[WORK INSTRUCTIONS] Exercise in exact copying: restate word for word only the lines below from the one containing "Spacious main bedroom" through the one containing "Woman tourist enjoying", omitting any pictures.

[RECORDS TO PROCESS]
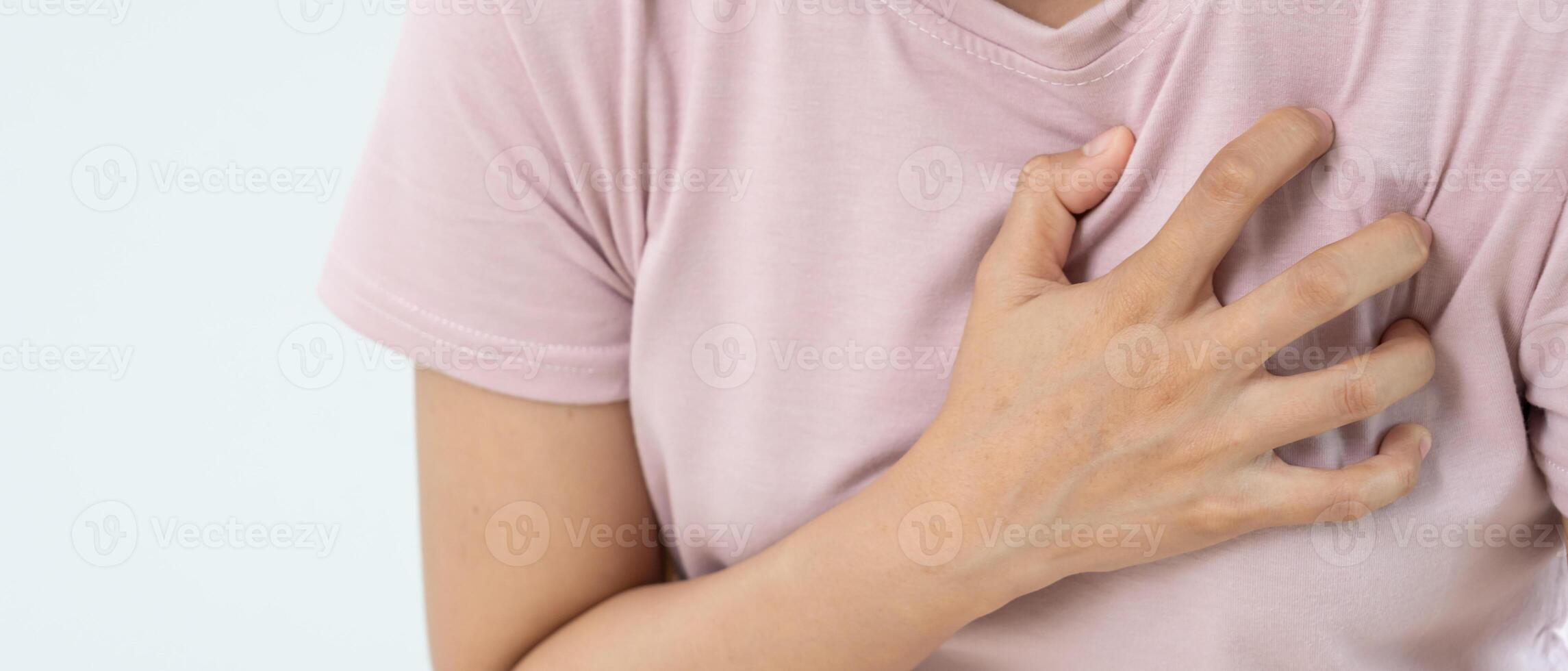 hand hold chest with heart attack symptoms, asian woman have chest pain caused by heart disease, leak, dilatation, enlarged coronary heart, press on the chest with a painful expression photo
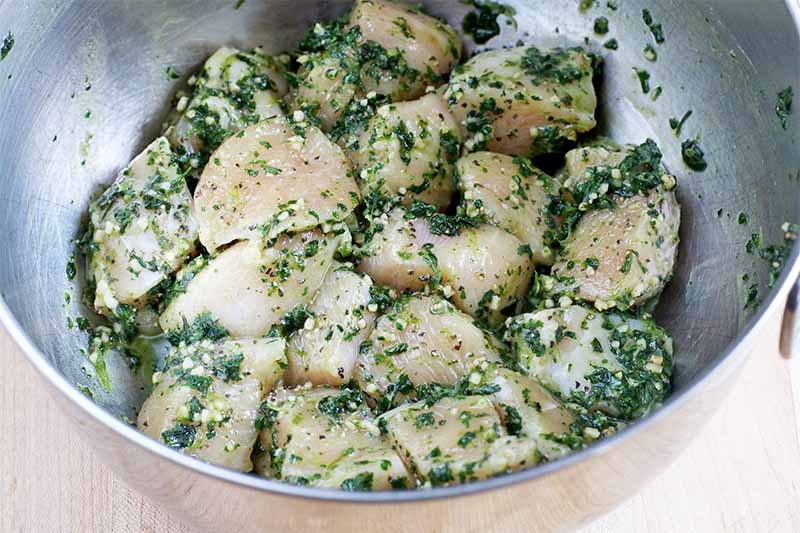 Raw chicken breast chunks tossed in a garlic and herb marinade, in a stainless steel bowl, on a beige background.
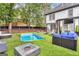 The backyard boasts an in-ground pool, fire pit, outdoor seating, and landscaped turf at 3144 Sherwood Oaks Ln, Decatur, GA 30034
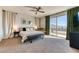 Spacious main bedroom with ceiling fan, balcony access, and stylish furnishings at 9380 Lunar Effect St, Las Vegas, NV 89143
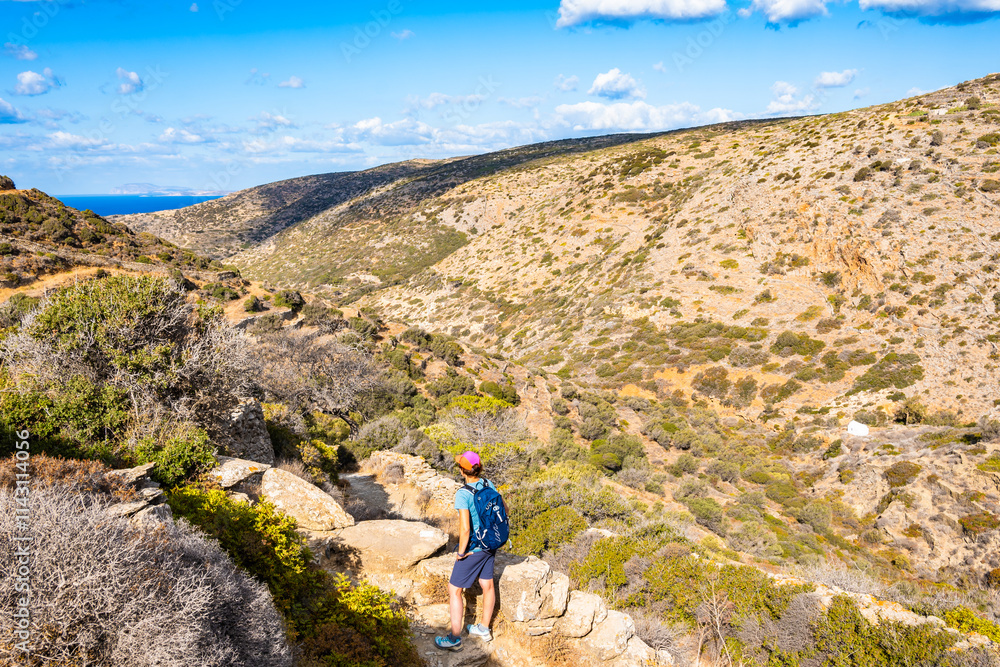 Woman tourist enjoying mountains view during trekking to Chora village from Katapola port, Amorgos island, Cyclades, Greece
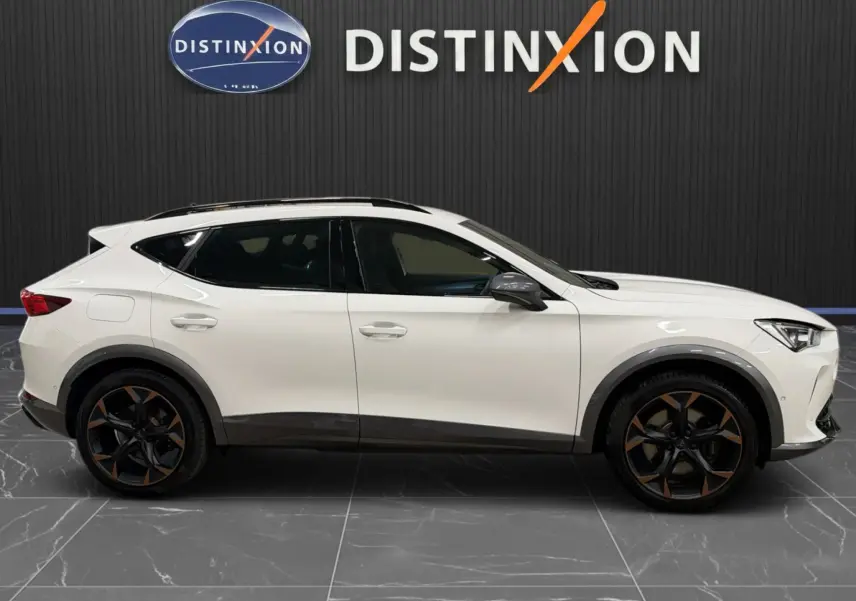 Vue latérale droite d'un CUPRA Formentor blanc 2024 avec jantes noires et bronze, toit ouvrant et vitres teintées.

[FINAL ANSWER]
 Spacious main bedroom with ceiling fan, balcony access, and stylish furnishings at 9380 Lunar Effect St, Las Vegas, NV 89143
 Woman tourist enjoying mountains view during trekking to Chora village from Katapola port, Amorgos island, Cyclades, Greece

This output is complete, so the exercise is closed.